- EXERCISE DIRECTIONS
The whole listing that follows is to be restated word for word, images excluded.

- SUPPLIED ENTRIES
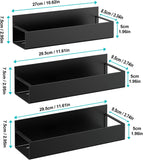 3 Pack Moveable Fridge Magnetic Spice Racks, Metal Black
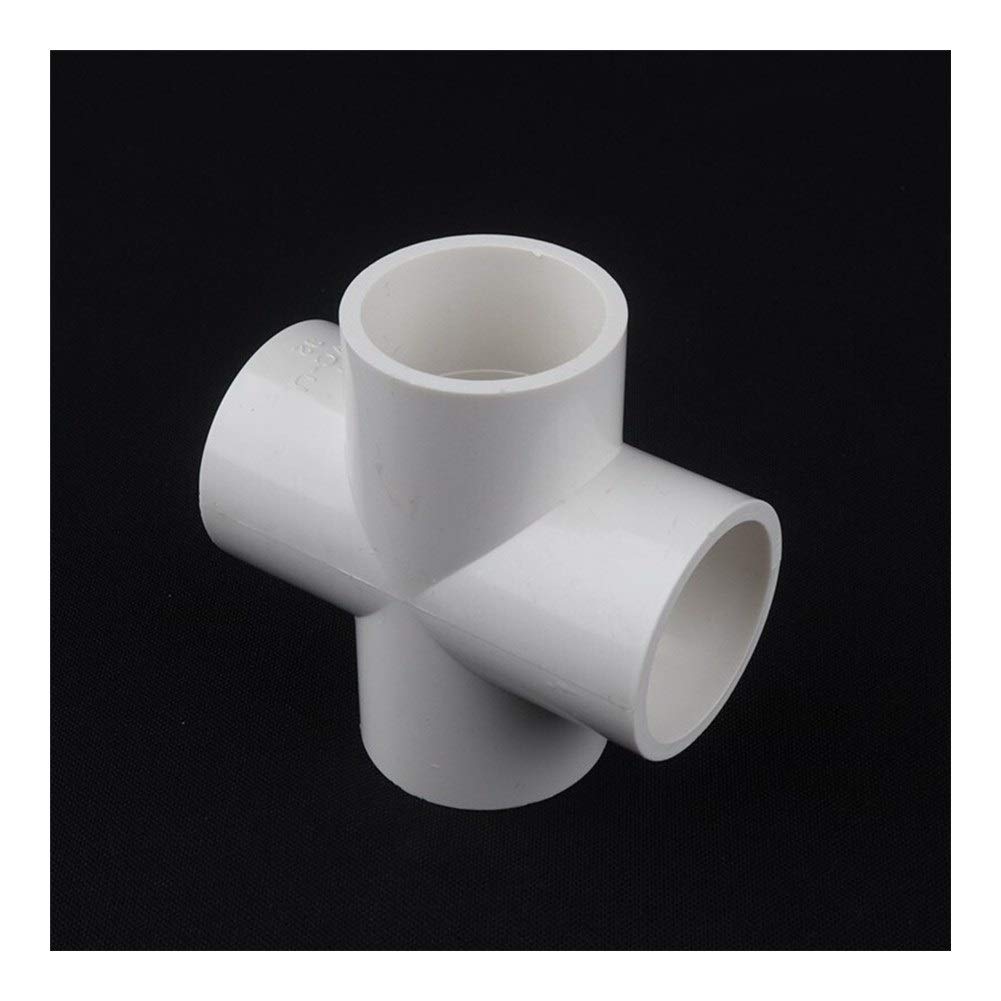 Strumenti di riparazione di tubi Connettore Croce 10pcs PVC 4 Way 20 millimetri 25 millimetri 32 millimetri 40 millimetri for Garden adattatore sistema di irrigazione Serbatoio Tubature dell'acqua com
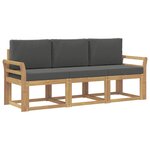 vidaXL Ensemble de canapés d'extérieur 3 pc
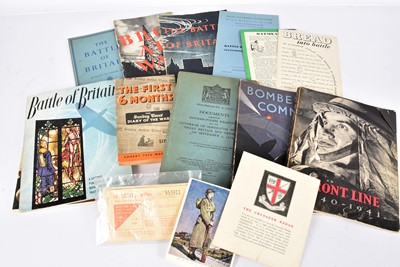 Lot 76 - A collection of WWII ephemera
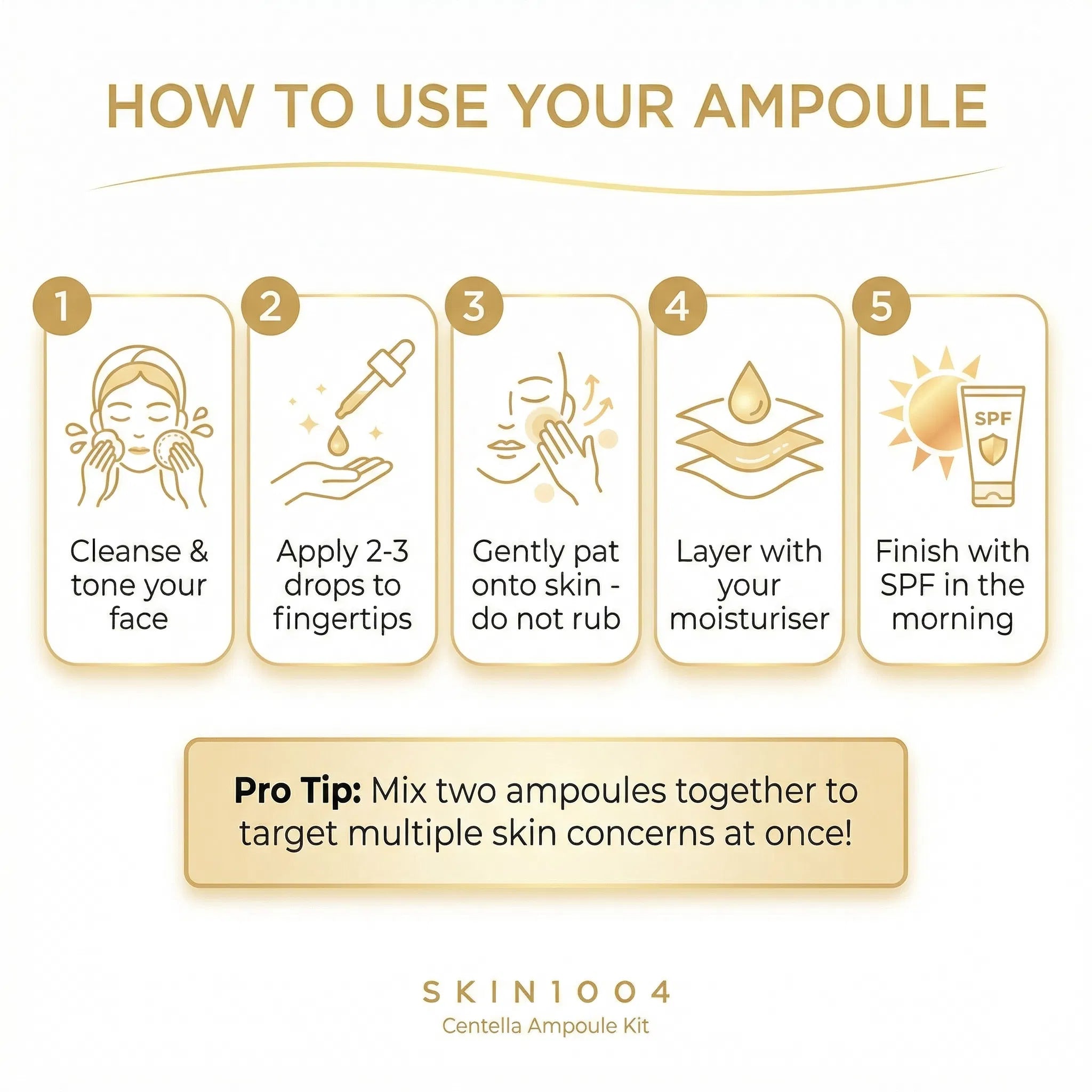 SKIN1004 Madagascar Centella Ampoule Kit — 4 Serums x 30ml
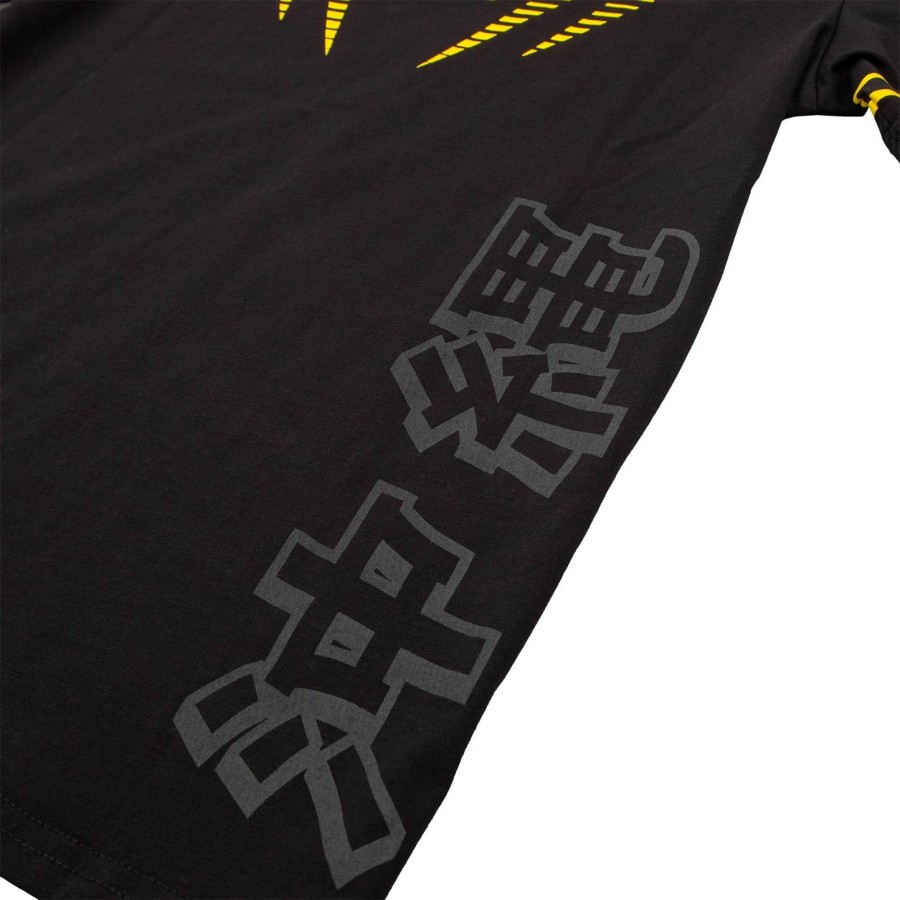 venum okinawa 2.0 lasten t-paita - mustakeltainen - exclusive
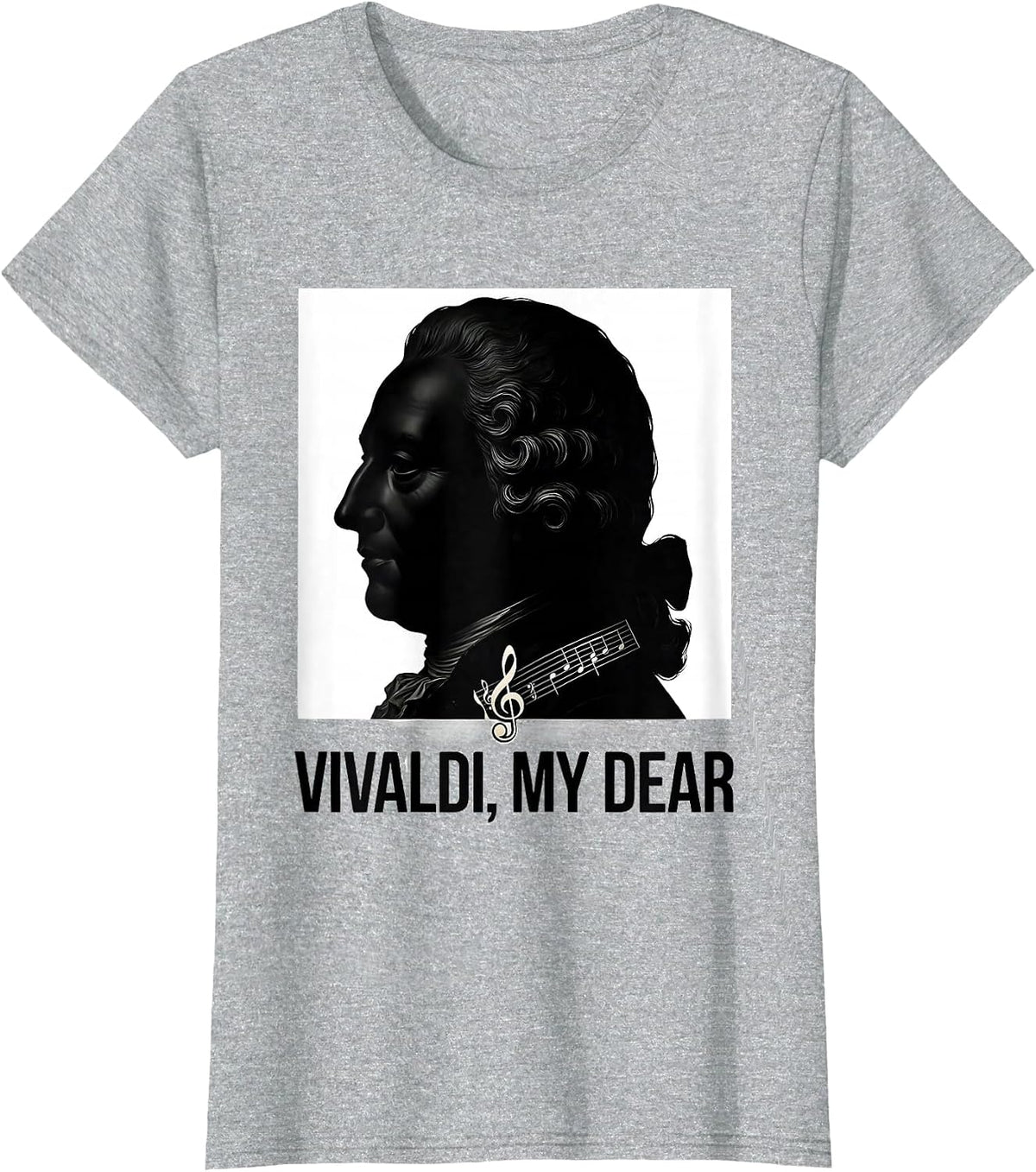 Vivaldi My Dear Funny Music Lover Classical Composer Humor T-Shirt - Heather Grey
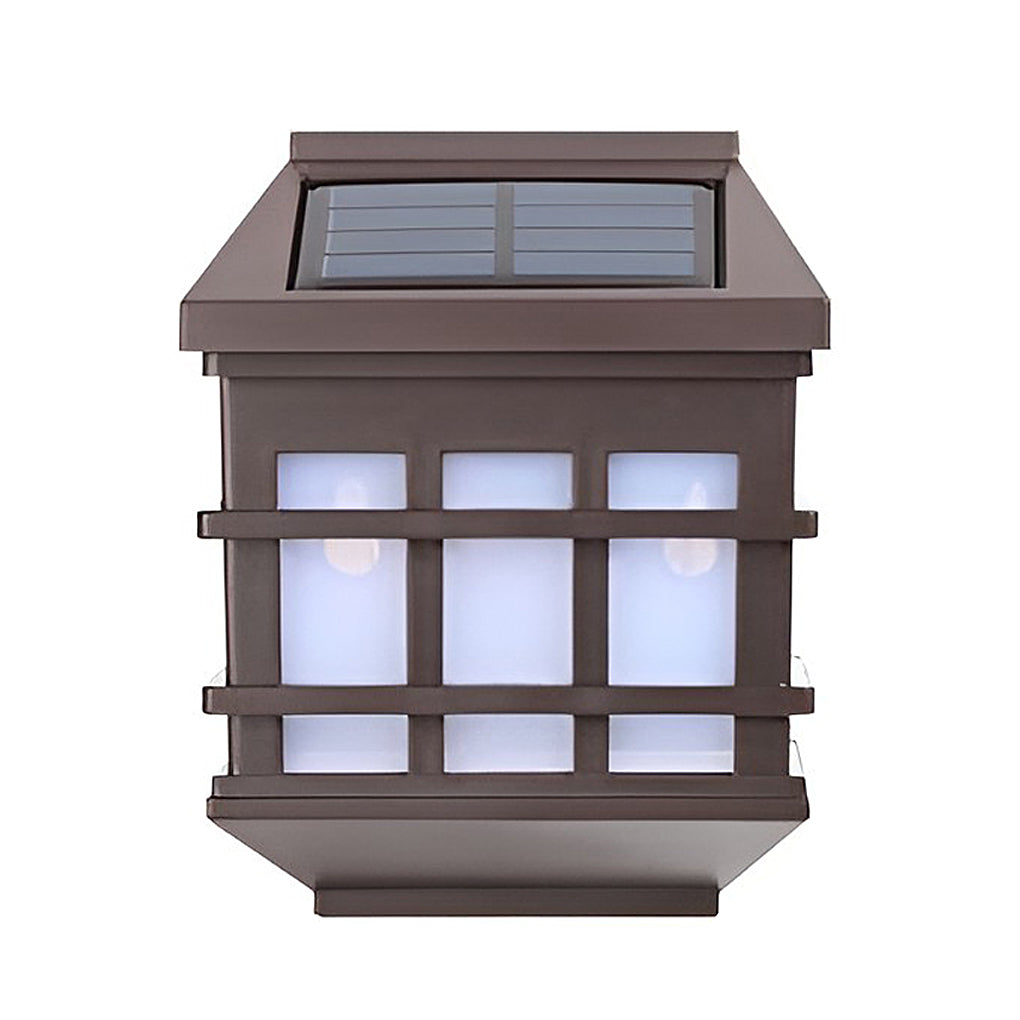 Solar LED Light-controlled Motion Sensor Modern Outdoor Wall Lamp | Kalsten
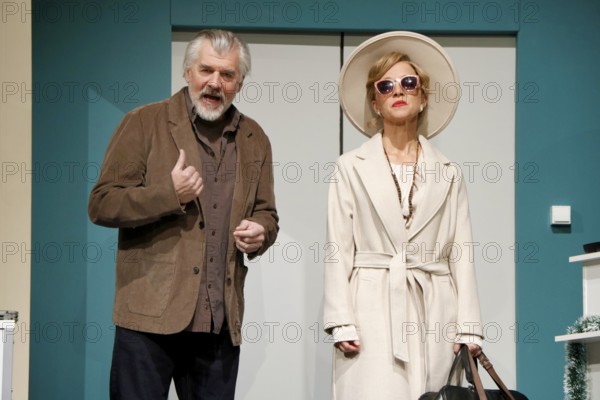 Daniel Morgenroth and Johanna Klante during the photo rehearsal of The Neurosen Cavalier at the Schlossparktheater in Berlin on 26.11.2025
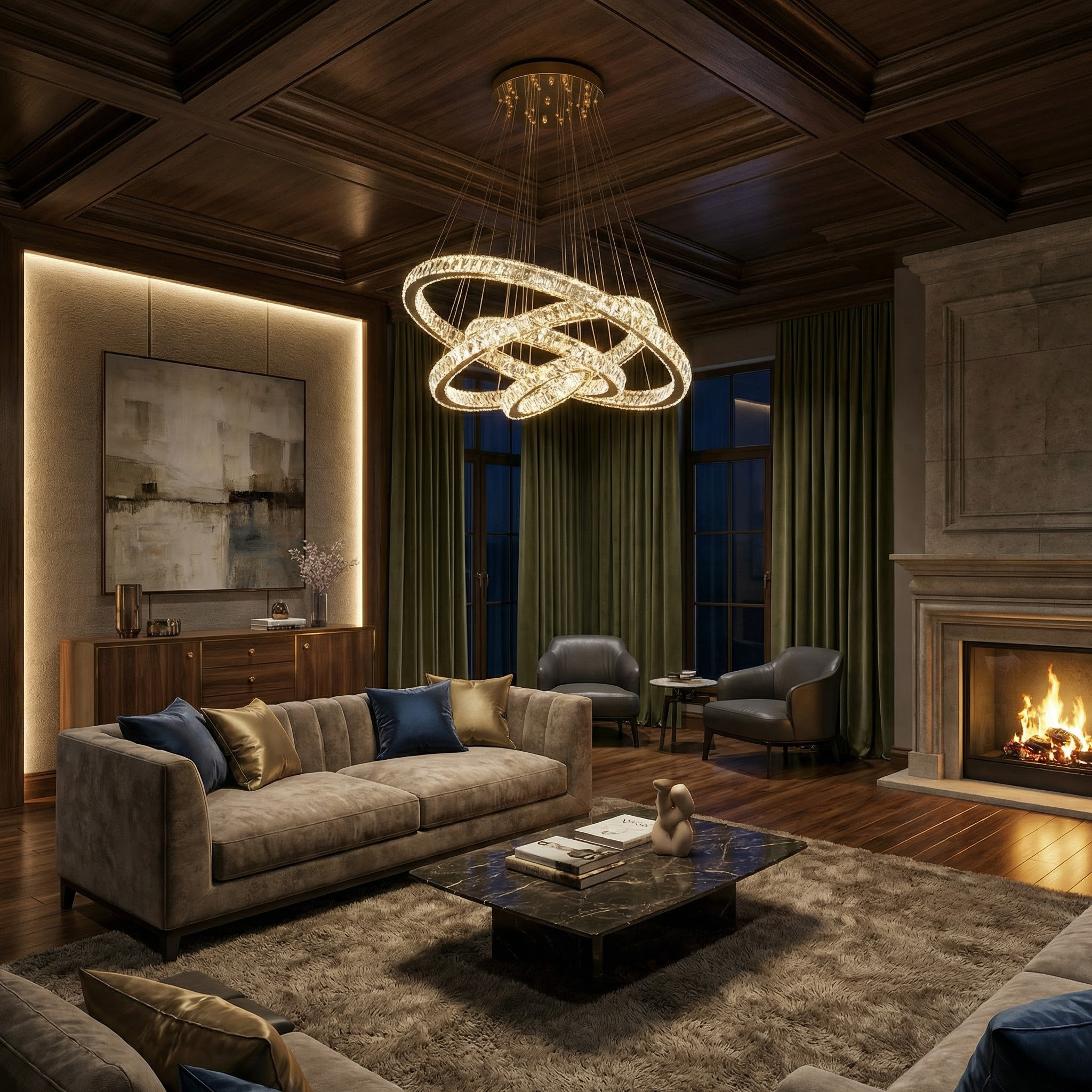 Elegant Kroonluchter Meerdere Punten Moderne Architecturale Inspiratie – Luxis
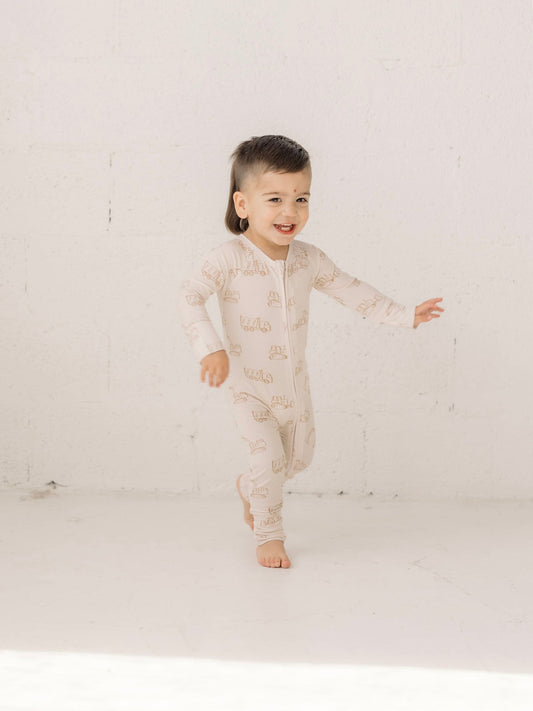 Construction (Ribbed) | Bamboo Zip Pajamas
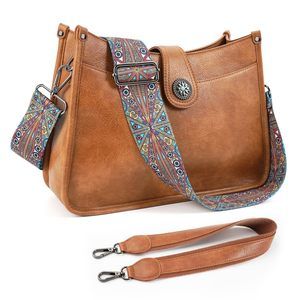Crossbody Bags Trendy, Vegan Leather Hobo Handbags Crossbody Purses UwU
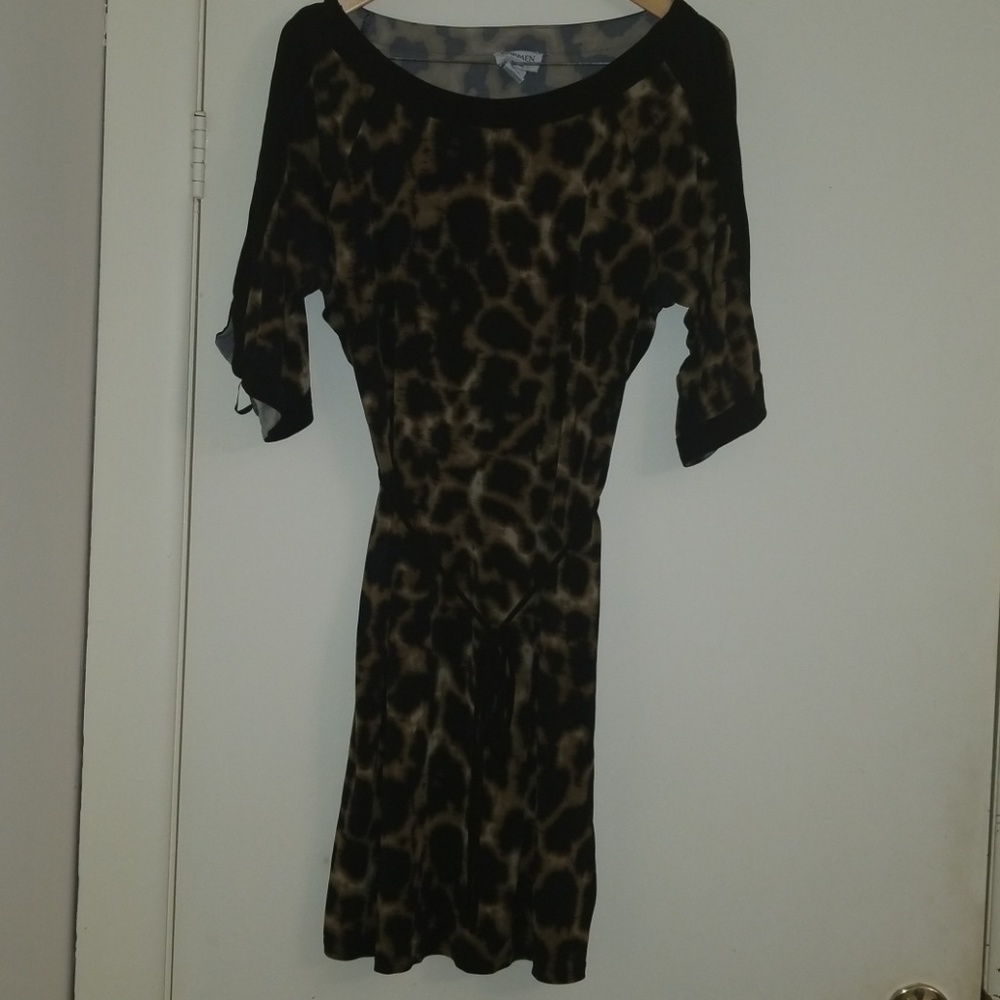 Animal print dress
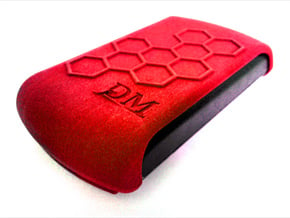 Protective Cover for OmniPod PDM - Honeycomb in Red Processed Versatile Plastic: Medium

- SOLUTION FOR THIS PROBLEM
 3 Pack Moveable Fridge Magnetic Spice Racks, Metal Black
 Strumenti di riparazione di tubi Connettore Croce 10pcs PVC 4 Way 20 millimetri 25 millimetri 32 millimetri 40 millimetri for Garden adattatore sistema di irrigazione Serbatoio Tubature dell'acqua com
 vidaXL Ensemble de canapés d'extérieur 3 pc
 Lot 76 - A collection of WWII ephemera
 SKIN1004 Madagascar Centella Ampoule Kit — 4 Serums x 30ml
 venum okinawa 2.0 lasten t-paita - mustakeltainen - exclusive
 Vivaldi My Dear Funny Music Lover Classical Composer Humor T-Shirt - Heather Grey
 Solar LED Light-controlled Motion Sensor Modern Outdoor Wall Lamp | Kalsten
 Daniel Morgenroth and Johanna Klante during the photo rehearsal of The Neurosen Cavalier at the Schlossparktheater in Berlin on 26.11.2025
 Elegant Kroonluchter Meerdere Punten Moderne Architecturale Inspiratie – Luxis
 Construction (Ribbed) | Bamboo Zip Pajamas
Crossbody Bags Trendy, Vegan Leather Hobo Handbags Crossbody Purses UwU
 Animal print dress
 Protective Cover for OmniPod PDM - Honeycomb in Red Processed Versatile Plastic: Medium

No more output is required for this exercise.